** GIVEN RECORDS **
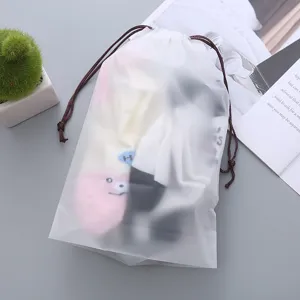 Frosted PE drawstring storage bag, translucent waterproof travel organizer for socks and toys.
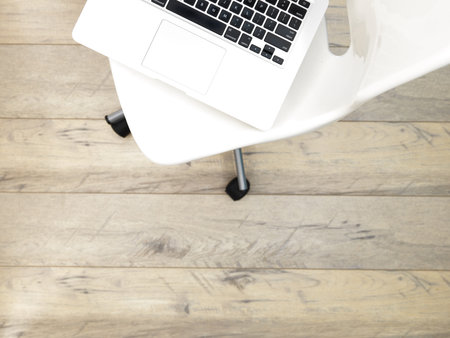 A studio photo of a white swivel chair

...

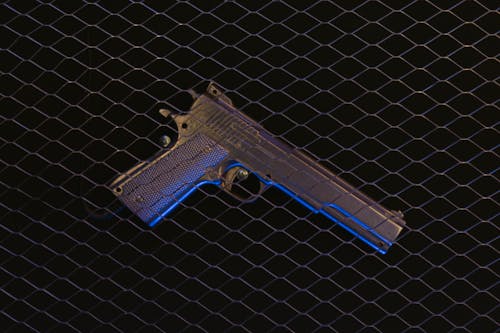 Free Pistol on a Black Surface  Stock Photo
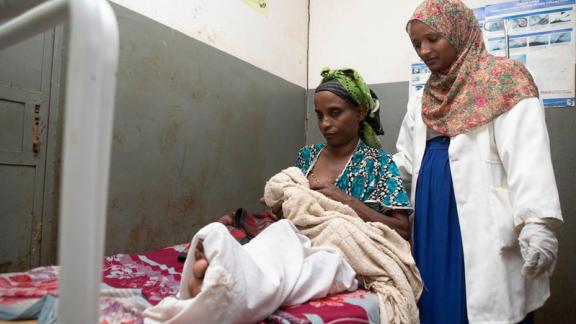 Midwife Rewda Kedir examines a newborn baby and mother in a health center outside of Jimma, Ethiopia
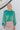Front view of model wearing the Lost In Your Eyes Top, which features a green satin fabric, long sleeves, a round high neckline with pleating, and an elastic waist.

** WHAT YOU SHOULD DO **
Lines wanted from the entries above: the one with "Midwife Rewda Kedir", the one with "Front view of", and all lines between. Please copy them exactly, without the pictures and without anything else.

** REPLY TO THE EXERCISE **
 Midwife Rewda Kedir examines a newborn baby and mother in a health center outside of Jimma, Ethiopia
Front view of model wearing the Lost In Your Eyes Top, which features a green satin fabric, long sleeves, a round high neckline with pleating, and an elastic waist.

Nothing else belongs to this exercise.